Activity =
Quote the whole listing word for word. Do not include the pictures.

Provided data =
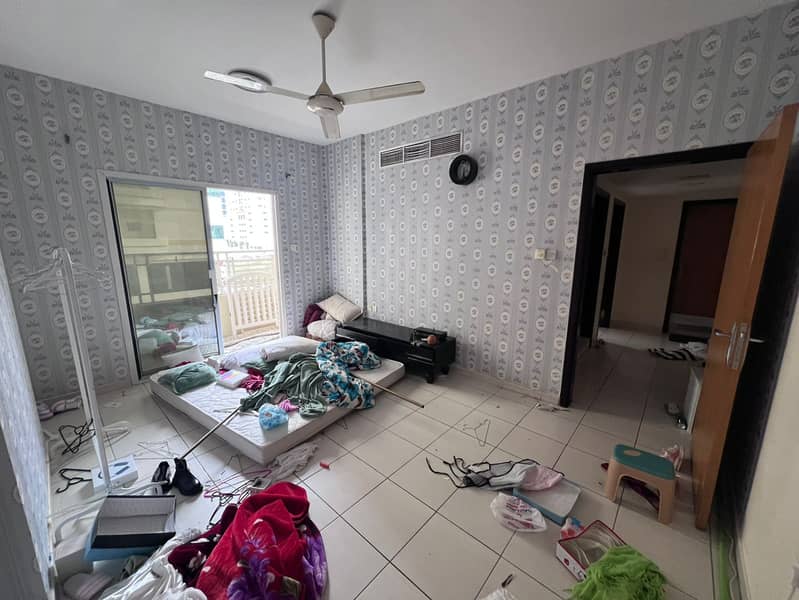 A one-bedroom apartment with a living room is available for annual rent in Al Nuaimiya, Ajman. Located in a prime location on Khalifa Street, next to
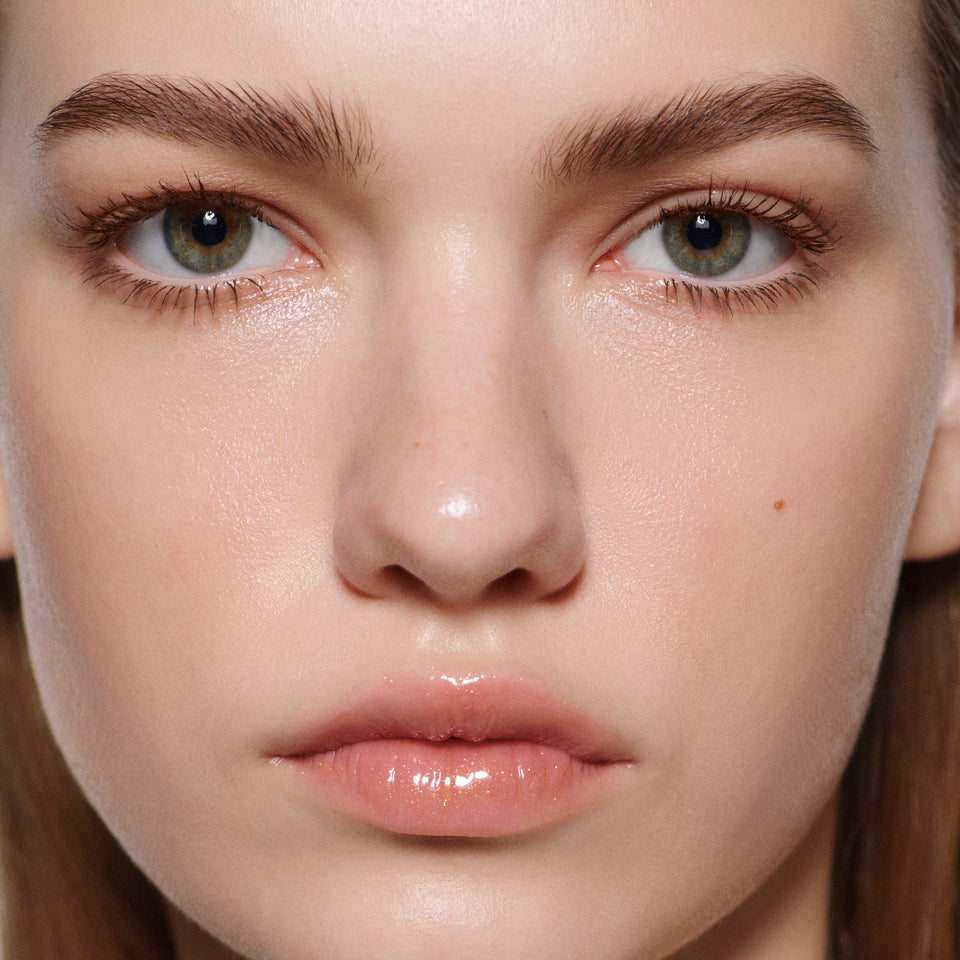 Close-up of fair lips in Posh Balm Soleil — Victoria Beckham Beauty's golden bronze shimmer tinted lip balm.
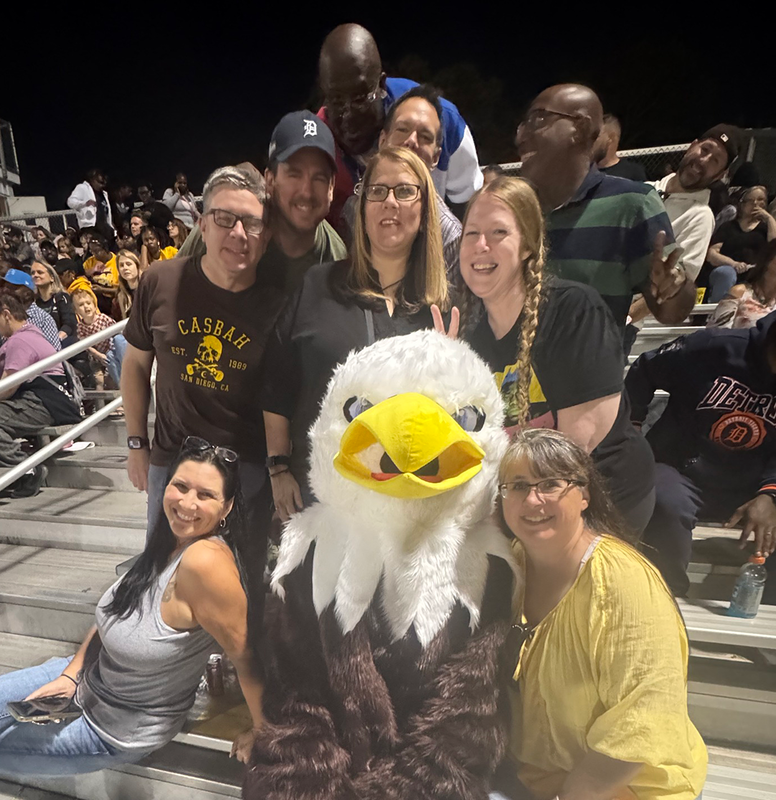 eagle mascot in the stands with neighbors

Task solution =
 A one-bedroom apartment with a living room is available for annual rent in Al Nuaimiya, Ajman. Located in a prime location on Khalifa Street, next to
 Close-up of fair lips in Posh Balm Soleil — Victoria Beckham Beauty's golden bronze shimmer tinted lip balm.
 eagle mascot in the stands with neighbors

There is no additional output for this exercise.